The story of Job always bugged me a bit. Though it really fits with human psychology; in extreme cases, a person with strong beliefs will actually feel more strongly about said belief if things go badly. Just look at the Seventh Day Adventist church; it spawned after their founder told his followers the end of the world would come soon on multiple occasions (he was wrong each time).
Another case of this phenomenon, albeit a bit more light hearted, is the story behind “Audience of One.” To quote the synopsis:
“Ten years ago, a Pastor from the Voice of Pentecost Church in San Francisco received a ‘prophetic whisper,’ -a directive from God to make movies for the Lord.

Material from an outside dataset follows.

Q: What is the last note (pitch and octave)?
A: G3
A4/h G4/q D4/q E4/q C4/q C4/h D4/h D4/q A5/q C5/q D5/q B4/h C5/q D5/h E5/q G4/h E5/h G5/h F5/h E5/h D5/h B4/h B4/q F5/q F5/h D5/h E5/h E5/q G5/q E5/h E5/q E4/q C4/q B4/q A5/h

Using donations from his congregation, he slowly transformed his church into a fully functioning movie studio and the production company Christian WYSIWYG Filmworks was born. After experimenting on a number of small projects, Pastor Richard Gazowsky announced that he and his WYSIWYG crew were going to make a film entitled, GRAVITY: THE SHADOW OF JOSEPH, a $50 million biblical science fiction movie that would redefine the Hollywood epic.
AUDIENCE OF ONE is a documentary that chronicles the making of GRAVITY. This verite style film goes inside a Pentecostal church, where the charismatic Gazowsky leads his loyal cast and crew on an incredible journey that tests the limits of faith. From pre-production at their church, to shooting principal photography in Italy, to leasing an enormous studio on an island in San Francisco Bay, AUDIENCE OF ONE keeps pace with an embattled church production that looks to God in order to keep their dream alive. Full of humor and pathos, what transpires is a story of obsession, faith and delusion.”